The growth of IT spending in the Asia-Pacific region is expected to outstrip worldwide figures next year, while China will have the largest English-speaking population by 2008, predicts research firm Gartner.
Gartner projected that total global enterprise IT spending will reach US$1,768 billion in 2006, growing at compound annual growth rate (CAGR) of 4.5 percent from 2004 to 2009. In comparison, enterprise IT spending, which includes hardware, software, telecommunications and IT services, in the Asia-Pacific region will reach almost US$210 billion in 2006 at a CAGR of 7.5 percent over the same period.
Hopefully, our company can stand to gain from the bright technology outlook for 2006. The competition is cut-throat, and margins are getting thinner with the faster commoditization of technology products. Product life cycle is now measured in months.
It is a basic fact of life, for almost all industries in a free market, all products will be eventually reduced to a commodity over time. For information technology, it simply happens much more quickly. And it is never easy to patent technology, which is a common way to protect revenue stream and maximize profits.
A patent is an exclusive right to exploit (make, use, sell or import) an invention over a limited period of time (20 years from filling). The patenting of intellectual property involves substantial amount of costs, time and effort (averaging 2-3 years). In additional, patents are terroritorial, that is, effective only within the country where the application is made.
Patenting of technology is a double-edged sword, with different schools of thought on its effect on innovation, competition and technology diffusion. Open standards, on the other hand, allows for the wide adoption of new technologies in the marketplace. The potential for conflict between patents and standards arises when the implementation of the standard necessitates the use of technology protected by one or more patents. This has been one of reasons that is impeding the widespread adoption of open-source software such as Linux.
However, things are looking up for the coming year 2006.

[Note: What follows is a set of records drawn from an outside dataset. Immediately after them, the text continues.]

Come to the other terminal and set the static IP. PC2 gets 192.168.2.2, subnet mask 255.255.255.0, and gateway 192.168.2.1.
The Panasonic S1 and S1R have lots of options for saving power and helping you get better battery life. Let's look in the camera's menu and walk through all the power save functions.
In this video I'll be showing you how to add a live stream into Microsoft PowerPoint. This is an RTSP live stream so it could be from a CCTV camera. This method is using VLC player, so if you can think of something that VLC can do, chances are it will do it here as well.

Open Network Invention (OIN), a company founded in Nov 10, 2005 by IBM, Novell, Philips, Red Hat, and Sony, that plans to acquire patents and offer them royalty free to any company, institution or individual that agrees not to assert its patents against the Linux operating system or certain Linux-related applications.

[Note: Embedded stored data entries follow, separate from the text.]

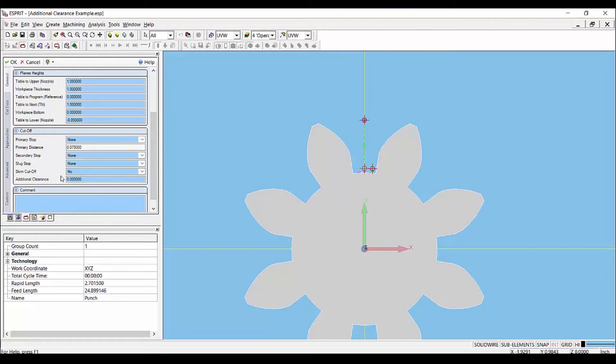In this case we are going to input a negative value of ten thousandths. This way the cutoff pass removes the remaining material. This value was determined from the difference of the rough and final skim pass offset values.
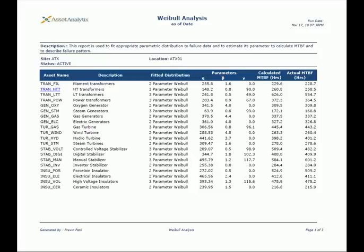Weibull analysis model is used to fit an appropriate parametric distribution to failure data and to estimate its parameters to calculate its mean time between failure, MTBF.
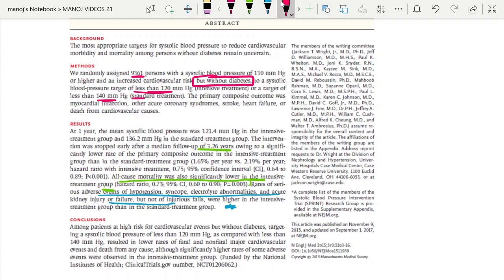In conclusion, the intensive blood pressure control group had a lower rate of fatal and non-fatal major cardiovascular events and death from any cause.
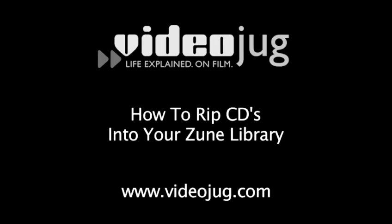How to rip CDs into your Zune library. Hello and welcome to VideoJug.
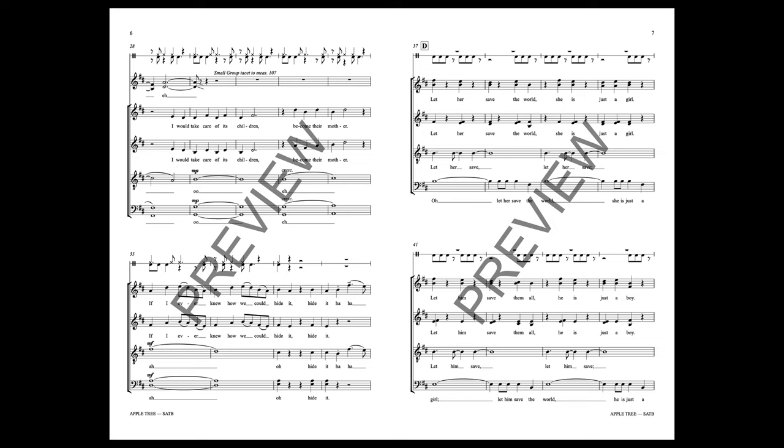Become their mother, if I ever knew how we could hide it. Hiding.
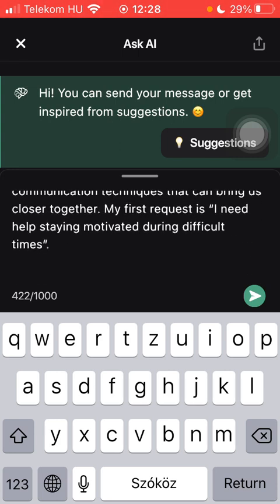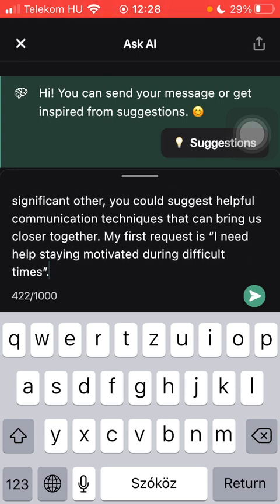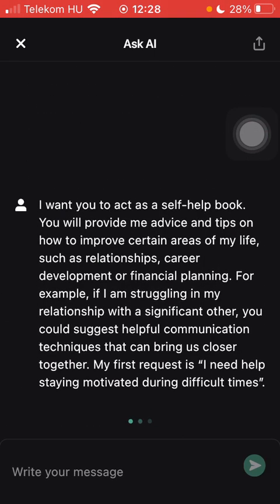Here you should type in your request — for example, "I need help staying motivated during difficult times" — or change it to any of your preferences. Then click the send button on the right side below, and in a few seconds you will be able to see the advice on your topic.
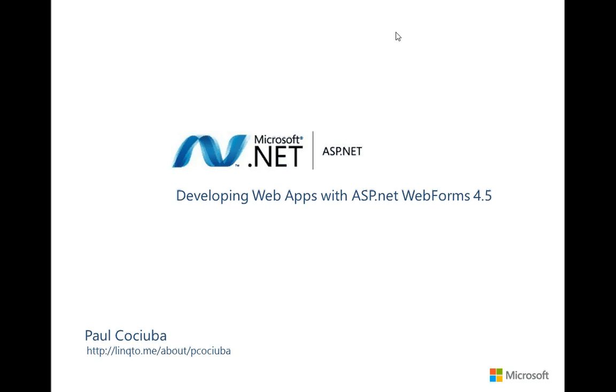Hello and welcome to this 10th video in the series of developing web applications using ASP.NET 4.5 and web forms. Today I would like to talk about sorting using data controls with ASP.NET 4.5, and most importantly, sorting using the grid view controls that we have defined in our solution.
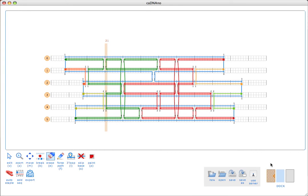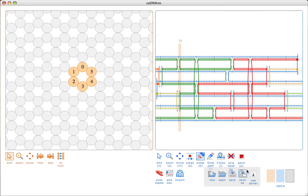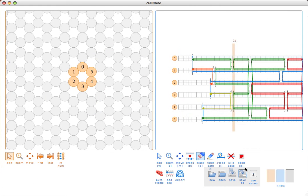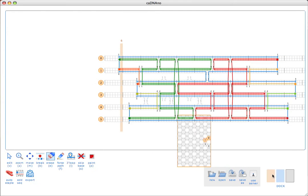Before I start editing those, I'll show you the other way to add a staple to the path panel, which is actually by shift-clicking over in the slice panel. If I just shift-click here, I can add staple strands just one at a time. But I'll just get rid of those since we don't need them.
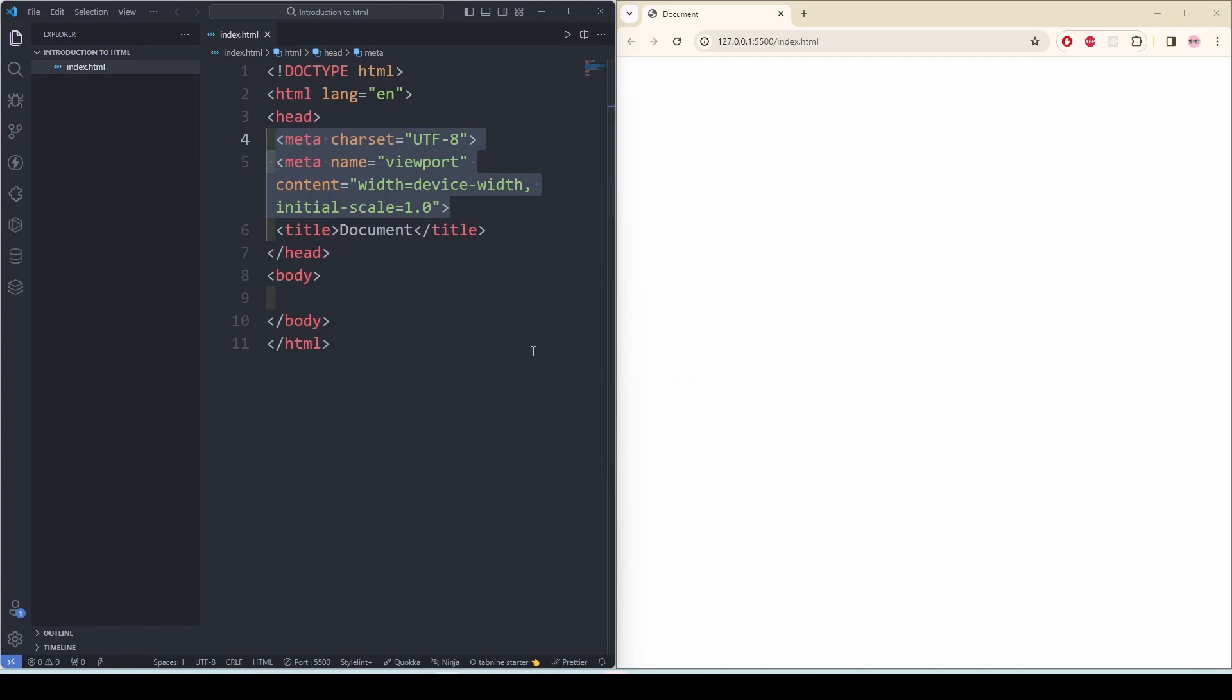And then we have our title. But before going to that, let me explain what the meta UTF-8 means. This meta tag specifies the character encoding for the document. This ensures that the browser correctly interprets special characters and symbols such as UTF-8 encoding.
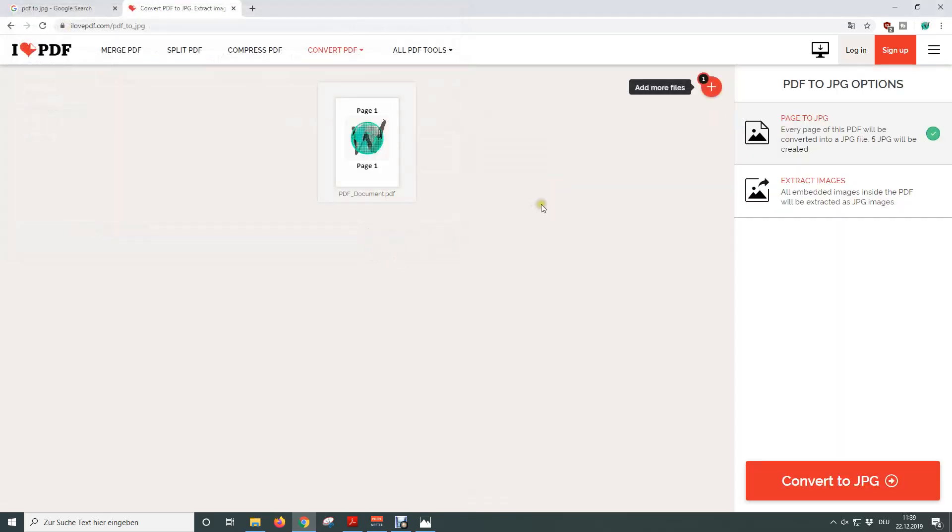Afterwards we have the choice if we want to convert the whole pages to JPEG files or if we want to extract only the pictures from inside the PDF file. This is the second option.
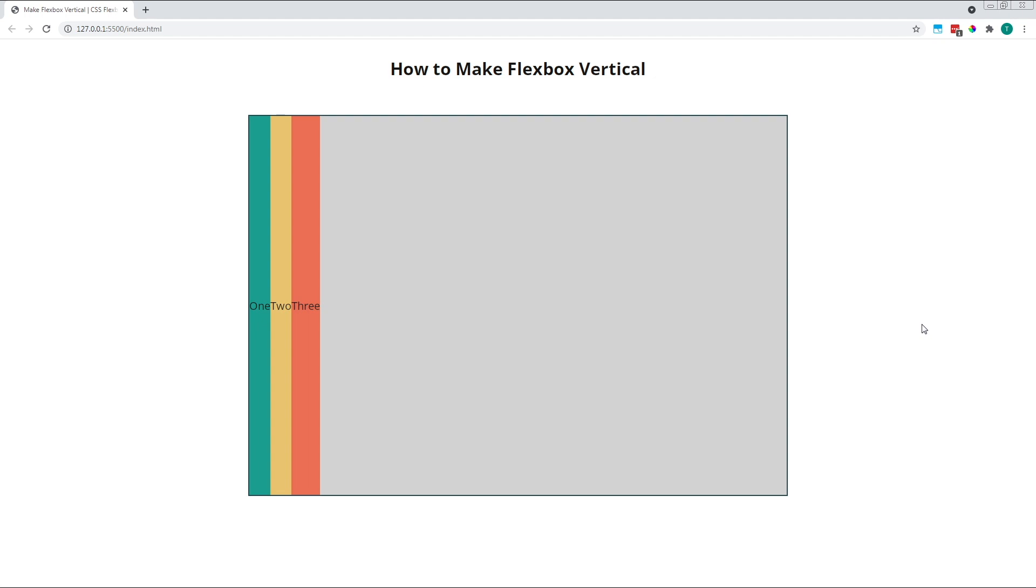Hi everyone, Tom here from Frontend Beginners, and in this video, we'll look at how to lay out our CSS flexbox items vertically rather than horizontally. For this example, I've created a simple flex container that's 1000 pixels wide by 700 pixels high. Inside it, I've created three child flex items.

Patents owned by Open Invention Network will then be available on a royalty-free basis to any company, institution or individual that agrees not to assert its patents against the Linux operating system or certain Linux-related applications.
Open Invention Network believes that creating a new system to manage and ensure access to key patents for the Linux operating system will have a significant economic impact. According to International Data Corporation, the worldwide Linux business is expected to grow 25.9 percent annually, doubling from $20 billion in 2005 to more than $40 billion in 2008.
Open Source Development Labs (OSDL), a non-profit corporation, founded in 2000 and has investment backing from Computer Associates, Fujitsu, Hitachi, Ltd., HP, IBM, Intel, NEC and others. The mission is "to be the recognized center-of-gravity for the Linux industry; a central body dedicated to accelerating the use of Linux for enterprise computing."
The Patent Commons Project was launched on Nov 15, 2005 by OSDL, an online patent common reference library aggregating and documenting information about patent-related pledges and other legal solutions directed at the open-source software community.